--- Work request ---
Without the pictures, retype each line below exactly as it stands.

--- Dataset content ---
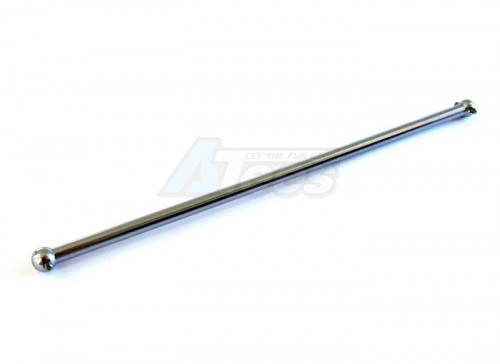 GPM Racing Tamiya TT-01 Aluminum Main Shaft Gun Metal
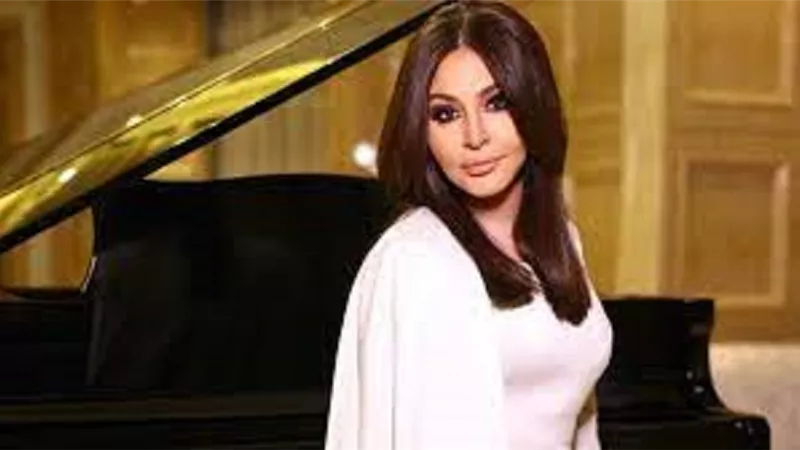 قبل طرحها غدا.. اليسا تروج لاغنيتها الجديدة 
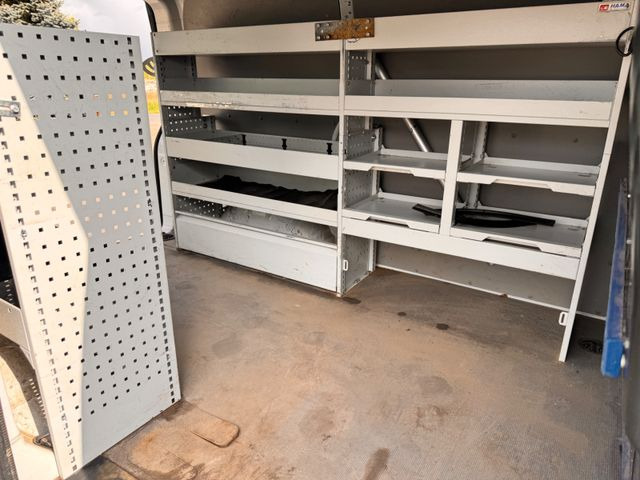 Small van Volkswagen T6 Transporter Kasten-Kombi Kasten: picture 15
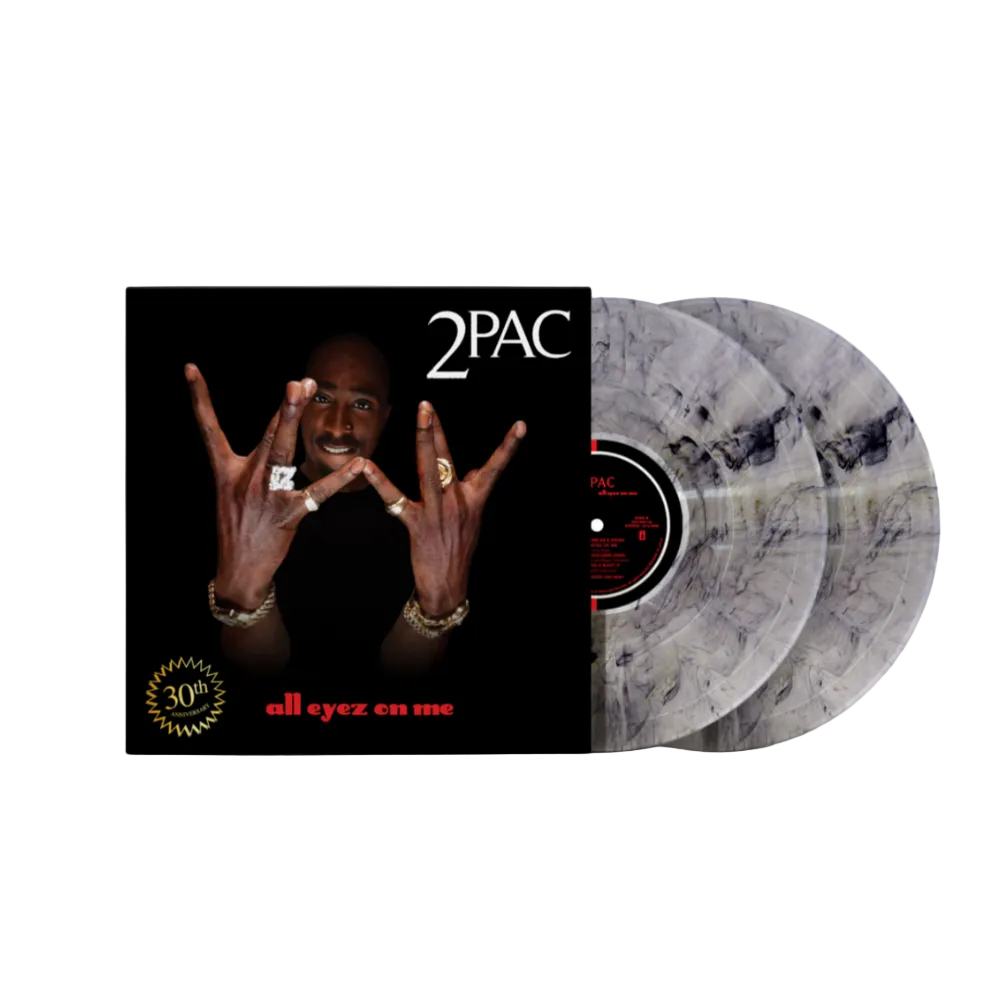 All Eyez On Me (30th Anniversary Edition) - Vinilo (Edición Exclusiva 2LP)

--- Answer to the problem ---
 GPM Racing Tamiya TT-01 Aluminum Main Shaft Gun Metal
 قبل طرحها غدا.. اليسا تروج لاغنيتها الجديدة 
 Small van Volkswagen T6 Transporter Kasten-Kombi Kasten: picture 15
 All Eyez On Me (30th Anniversary Edition) - Vinilo (Edición Exclusiva 2LP)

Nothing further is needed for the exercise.